We agree with NetChoice that the DPIA report requirement, codified at §§ 1798.99.31(a)(1)–(2) of the California Civil Code, triggers review under the First Amendment. First, the DPIA report requirement clearly compels speech by requiring covered businesses to opine on potential harm to children. It is well-established that the First Amendment protects “the right to refrain from speaking at all.”

California argued that because the DPIA reports are not public, it’s not compelled speech, but the Court (rightly) says that’s… not a thing:

The State makes much of the fact that the DPIA reports are not public documents and retain their confidential and privileged status even after being disclosed to the State, but the State provides no authority to explain why that fact would render the First Amendment wholly inapplicable to the requirement that businesses create them in the first place. On the contrary, the Supreme Court has recognized the First Amendment may apply even when the compelled speech need only be disclosed to the government. See Ams. for Prosperity Found. v. Bonta, 594 U.S. 595, 616 (2021). Accordingly, the district court did not err in concluding that the DPIA report requirement triggers First Amendment scrutiny because it compels protected speech.

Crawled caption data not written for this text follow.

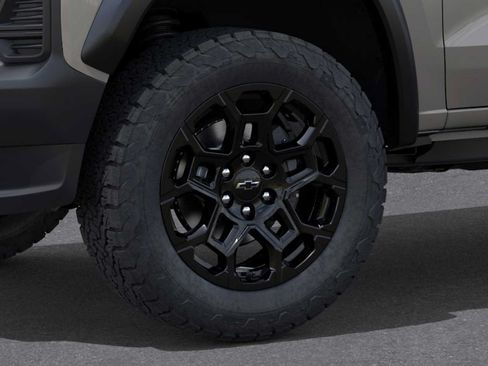 New 2026 Chevrolet Colorado Trail Boss AWD/4WD image 9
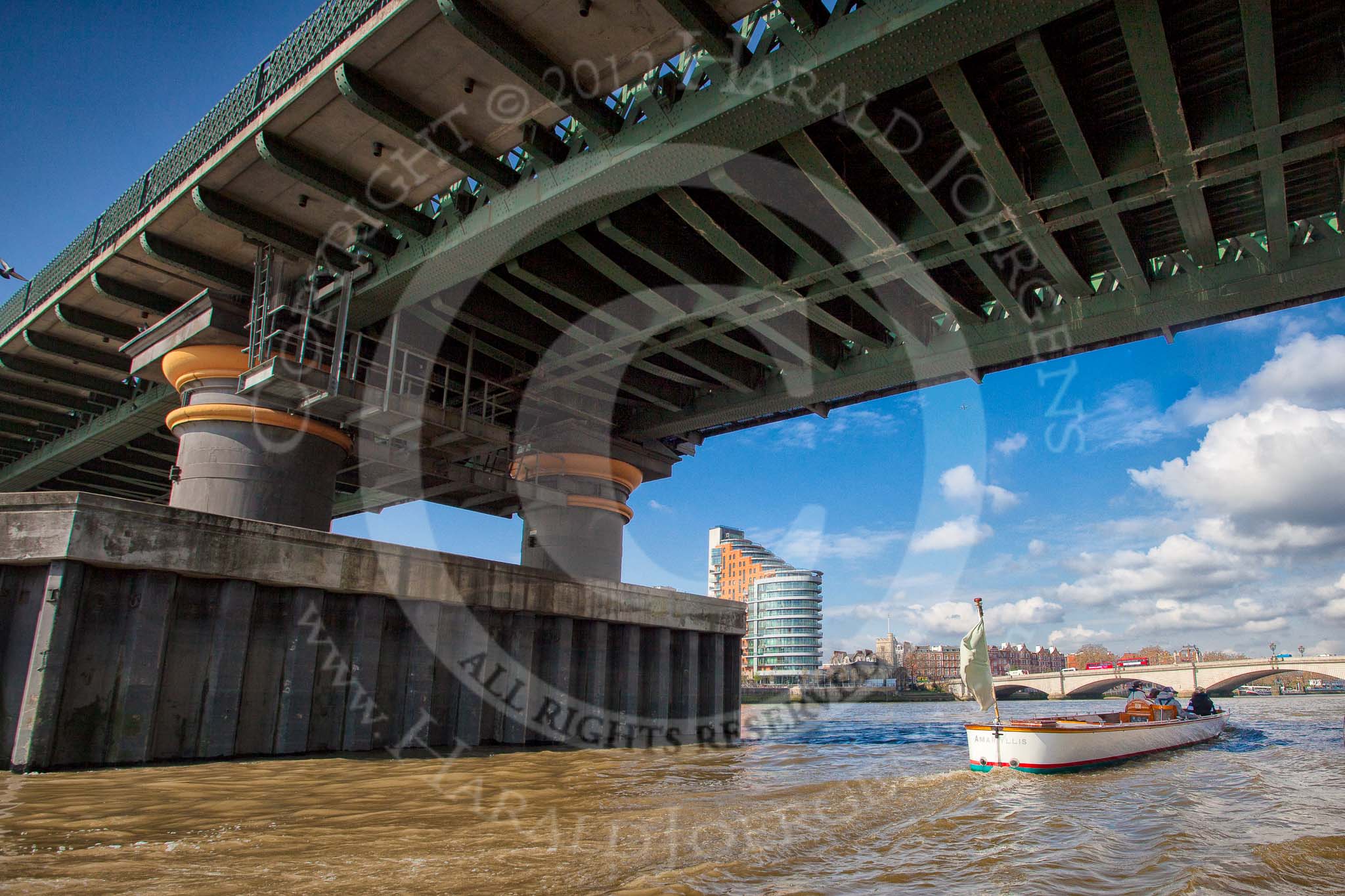 The Boat Race season 2012 - Tideway Week (Tuesday): Fulham Railway Bridge over the Thames, behind Fulham Bridge, on the left the spectacular Putney Wharf Building. More at http://www.haraldjoergens.com/the-boat-race.




on 03 April 2012 at 10:44, image #73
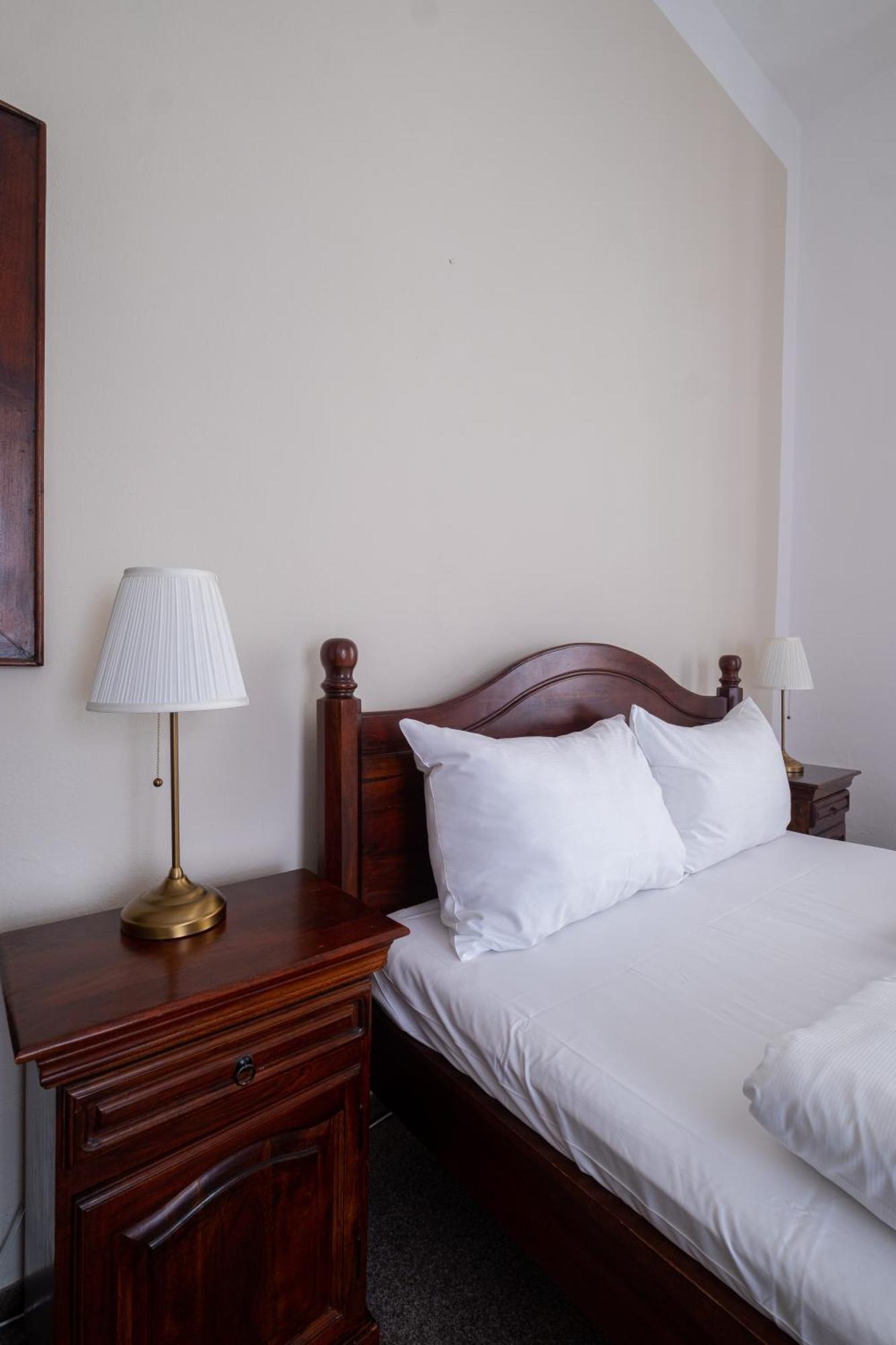 Zamecky Hotel Anton Florian Вальтице Экстерьер фото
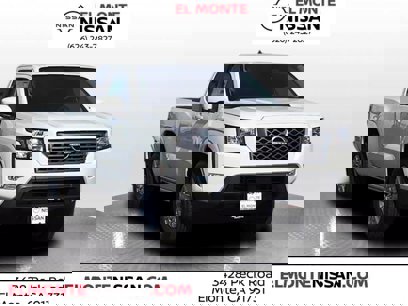 New 2024 Nissan Frontier SV w/ SV Convenience Package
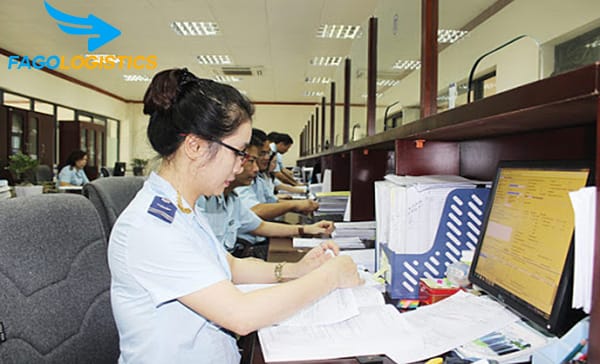 Nên sử dụng dịch vụ thủ tục hải quan xuất khẩu không 3 Khi nào nêm dùng dịch vụ hỗ trợ làm thủ tục?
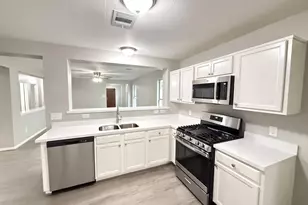 11839 Madison Oak St, Houston, TX 77038 - Photo 10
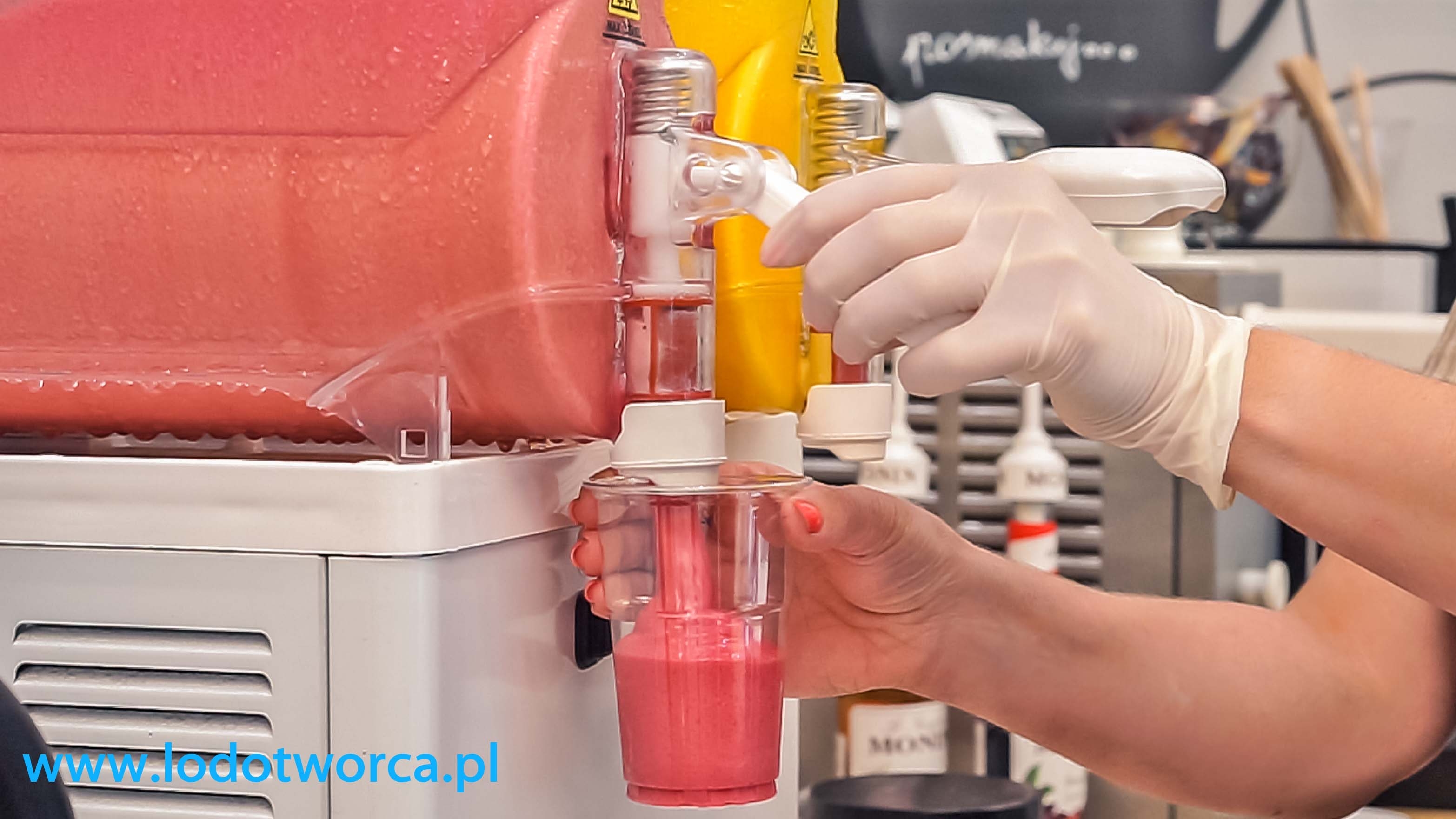 Jogurteria Rzeszów kawiarnia shake milkshake mrożonyjogurt lód włoski sorbet kawa cafe rurki z kremem deser lodowy bita śmietana soki frappe posypki polewy.jpg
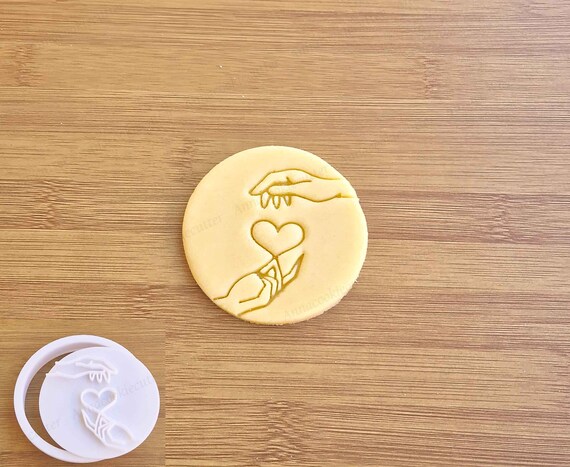 Valentine's Day Cookie Cutter Two Hands Cutter with Heart - Perfect Gift to Express Love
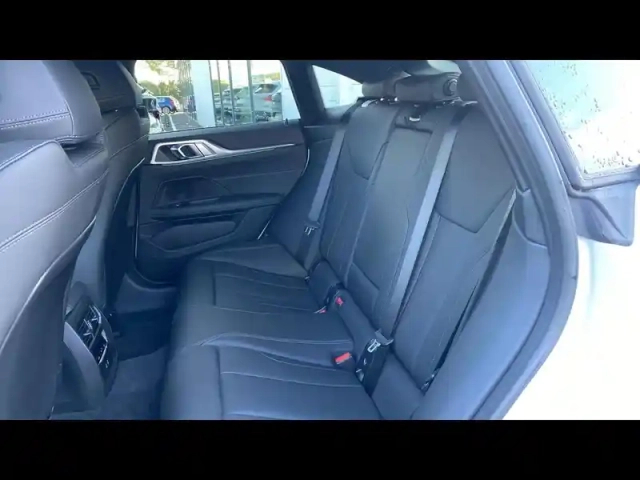 Bmw I4 edrive40 340ch m sport — photo 11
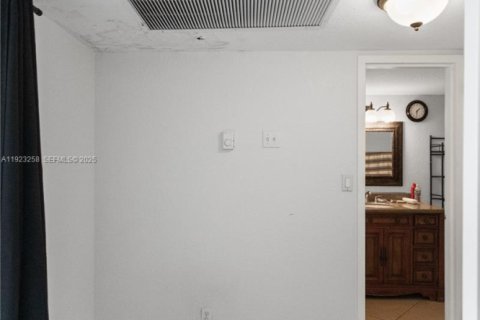 Condo in Hallandale Beach, Florida, 2 bedrooms  № 2034595 - photo 23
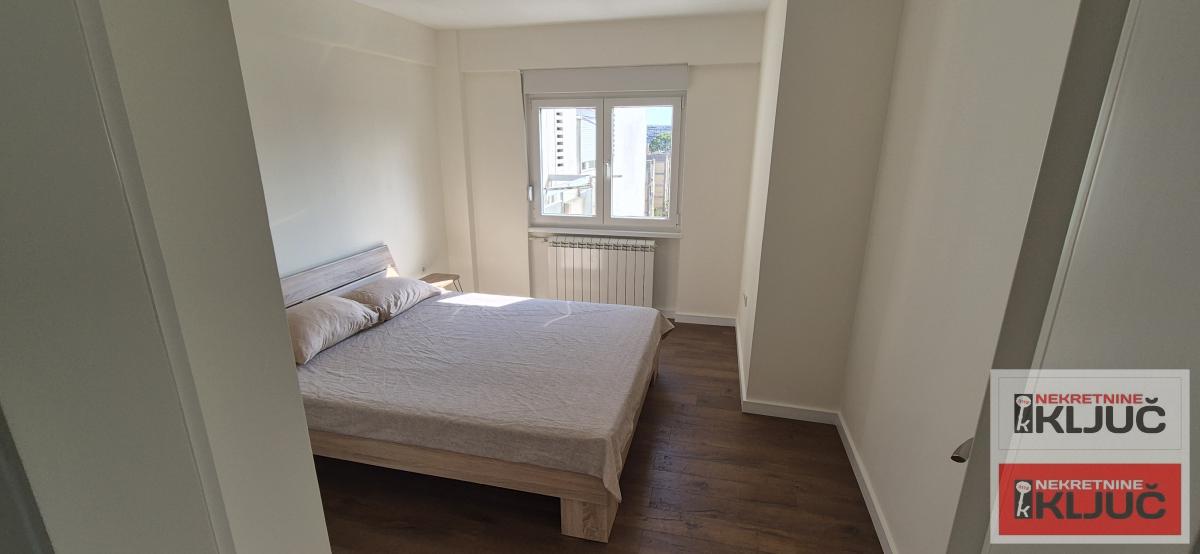 SAJMIŠTE, 57m2, Dvosoban, Renoviran, Namešten 10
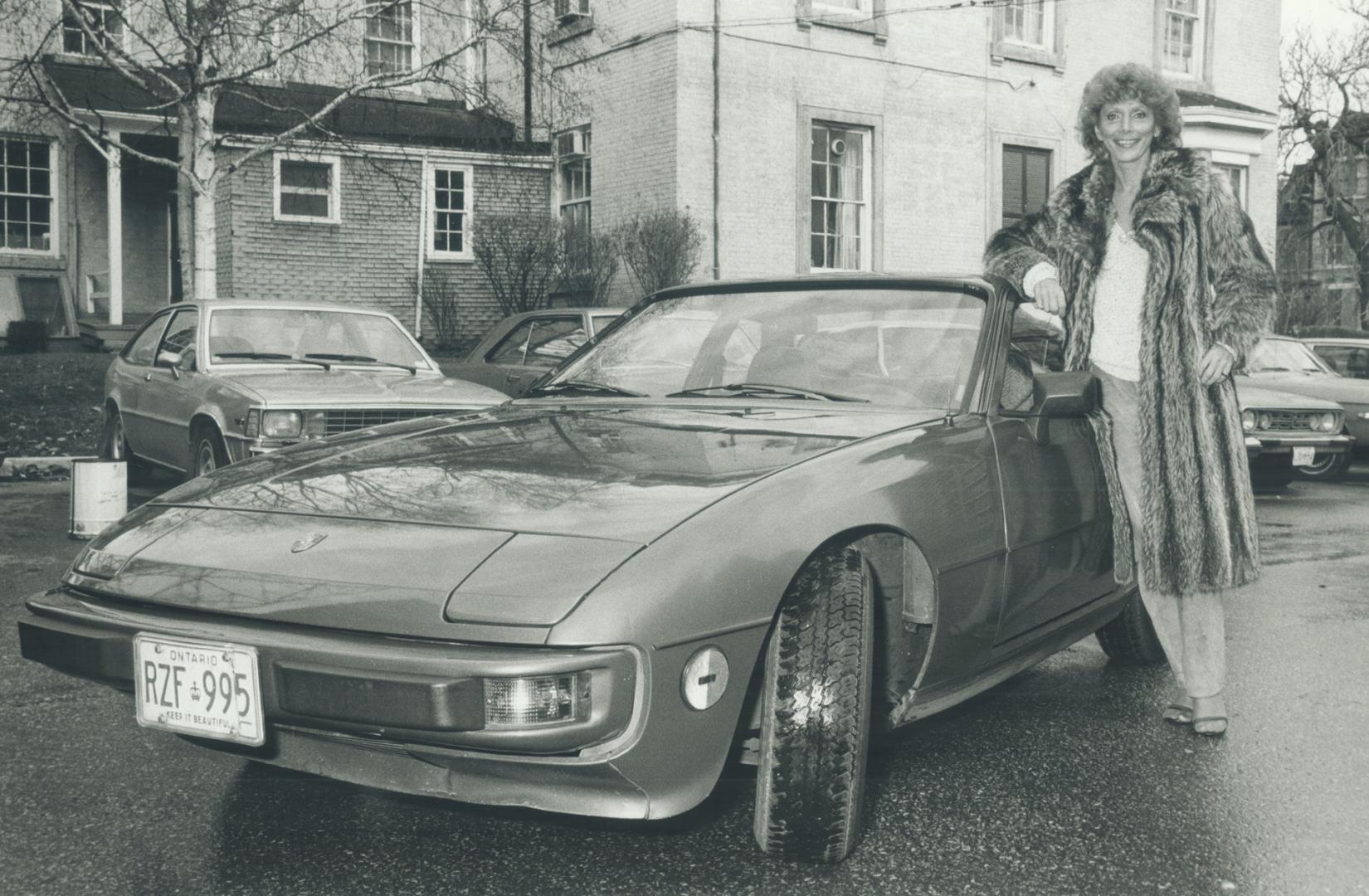 1980 Porsche and a 1951 MG. Owned by a woman in her forties: Both of these are rather eccentric cars, especially the MG. And they're dramatic cars. Th(...)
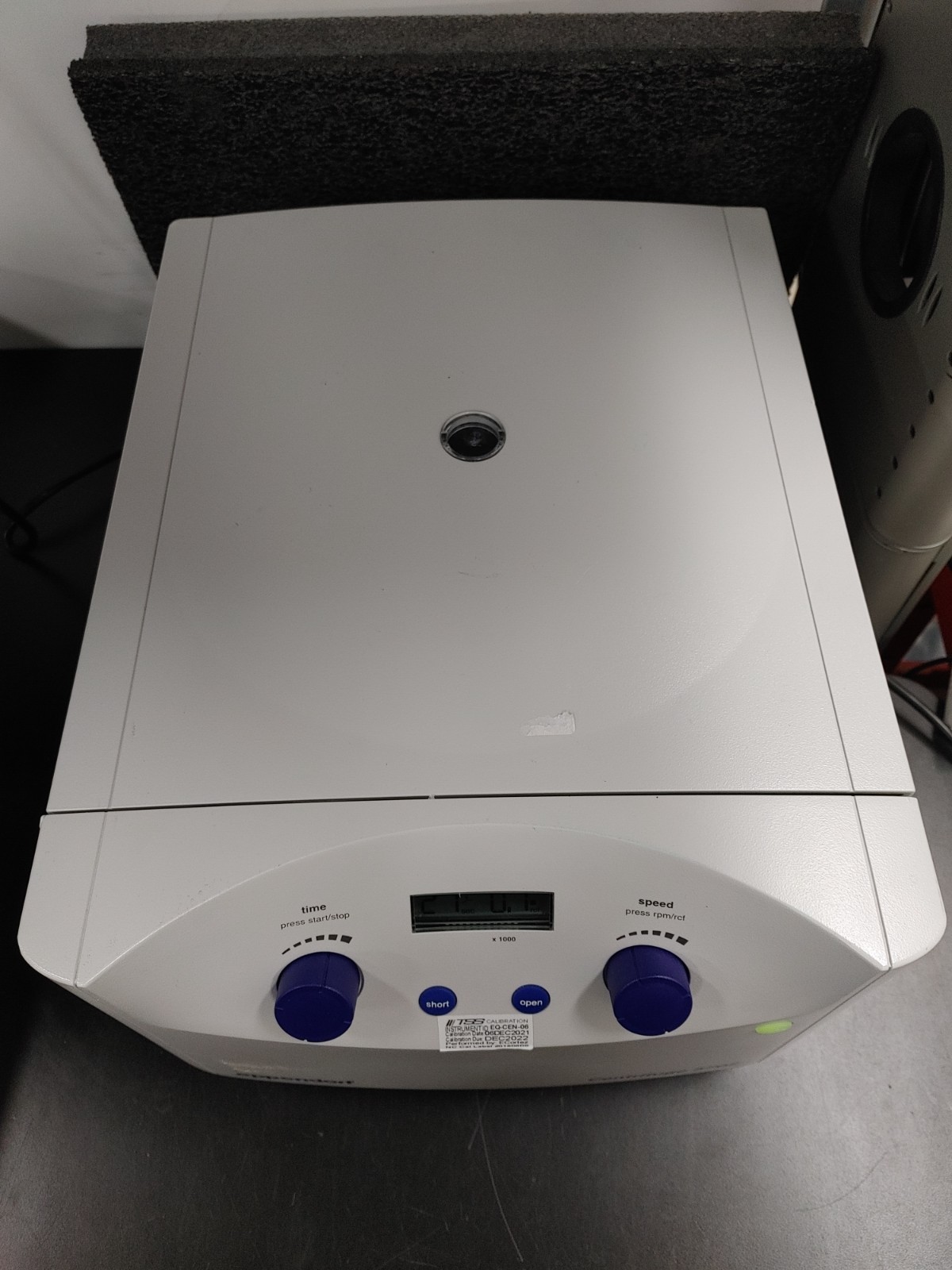 EPPENDORF 5702 Low Speed Centrifuge No Rotor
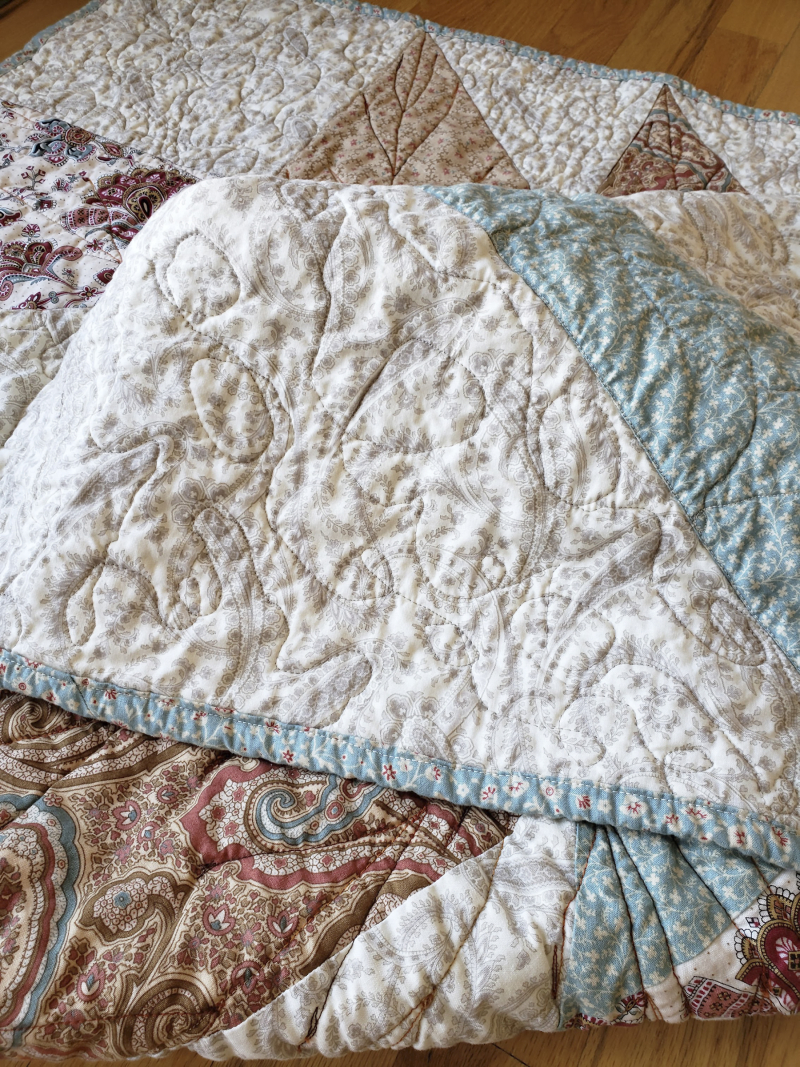 Fall leaf table quilt crinkles and swirls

More importantly, though, the Court recognizes that the entire underlying purpose of the DPIA system is to encourage websites to remove First Amendment-protected content:

Second, the DPIA report requirement invites First Amendment scrutiny because it deputizes covered businesses into serving as censors for the State. The Supreme Court has previously applied First Amendment scrutiny to laws that deputize private actors into determining whether material is suitable for kids. See Interstate Cir., Inc. v. City of Dallas, 390 U.S. 676, 678, 684 (1968) (recognizing that a film exhibitor’s First Amendment rights were implicated by a law requiring it to inform the government whether films were “suitable” for children). Moreover, the Supreme Court recently affirmed “that laws curtailing [] editorial choices [by online platforms] must meet the First Amendment’s requirements.” Moody, 144 S. Ct. at 2393.

The state’s argument that this analysis is unrelated to the underlying content is easily dismissed:

At oral argument, the State suggested companies could analyze the risk that children would be exposed to harmful or potentially harmful material without opining on what material is potentially harmful to children. However, a business cannot assess the likelihood that a child will be exposed to harmful or potentially harmful materials on its platform without first determining what constitutes harmful or potentially harmful material. To take the State’s own example, data profiling may cause a student who conducts research for a school project about eating disorders to see additional content about eating disorders. Unless the business assesses whether that additional content is “harmful or potentially harmful” to children (and thus opines on what sort of eating disorder content is harmful), it cannot determine whether that additional content poses a “risk of material detriment to children” under the CAADCA. Nor can a business take steps to “mitigate” the risk that children will view harmful or potentially harmful content if it has not identified what content should be blocked.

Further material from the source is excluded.